Big Data is still an emerging field, with far too many products, promises and pitfalls. Despite all that, this is the season when industry pundits make fearless predictions about how Big Data will evolve in 2016.
Many prognosticators take a high-risk approach, titillating the reader with highly speculative projections. If it comes true, the pundit is hailed as a genius. If not, no one will remember.
I’d like to take a contrarian approach, and offer some low risk Big Data predictions.
Why are they low risk? Because they are already true today, albeit under the radar.

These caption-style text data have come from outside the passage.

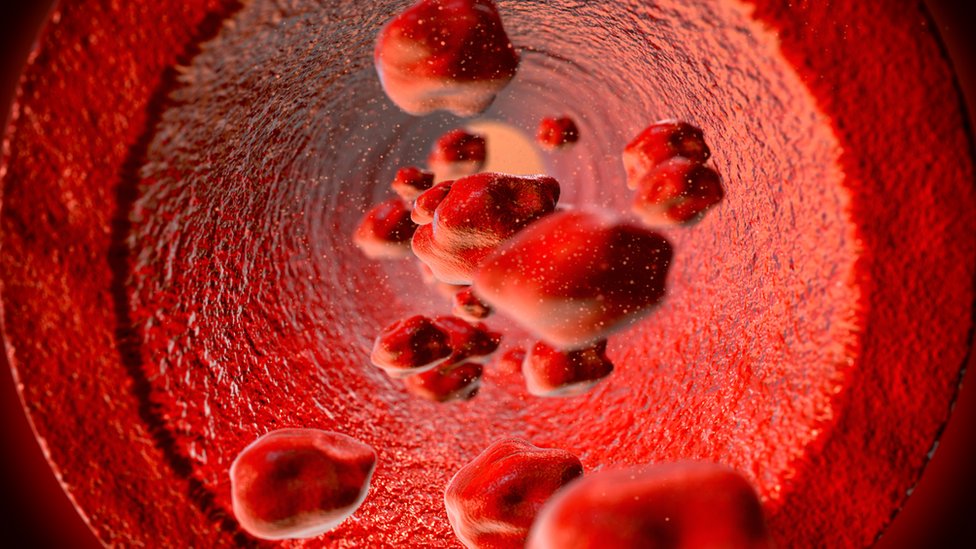 Ilustración de glóbulos rojos por un vaso sanguíneo.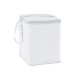 Cooler. Bolsa térmica em 600D 4 L Personalizado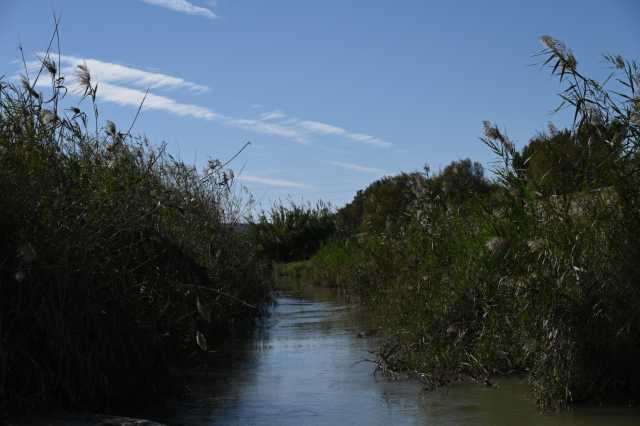 DSC_9330.JPG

Prediction #1: Spark will be more important than Hadoop
Hadoop has been around since the late ‘90s, and has evolved to the point where it can efficiently and reliably perform Big Data analytics. Spark has the advantage of being a “fast follower”, able to learn from and avoid Hadoop’s mistakes. Spark has a more generic and extensible programming model, which makes it easier to use for analytics. It also can handle Big Data in Motion, via Spark Streaming, and serves as the basis for a powerful graph database (GraphX) and a full-featured data science library (MLib). Spark’s closest relative in the Hadoop world is Tez, which, like Spark, can execute algorithms organised as directed acyclic graphs. The Open Source community, recognising the similarity, has crowned Spark as the converged platform of choice, and it will soon replace Tez in the Hadoop platform. However you slice it, Spark is the future of Big Data computing.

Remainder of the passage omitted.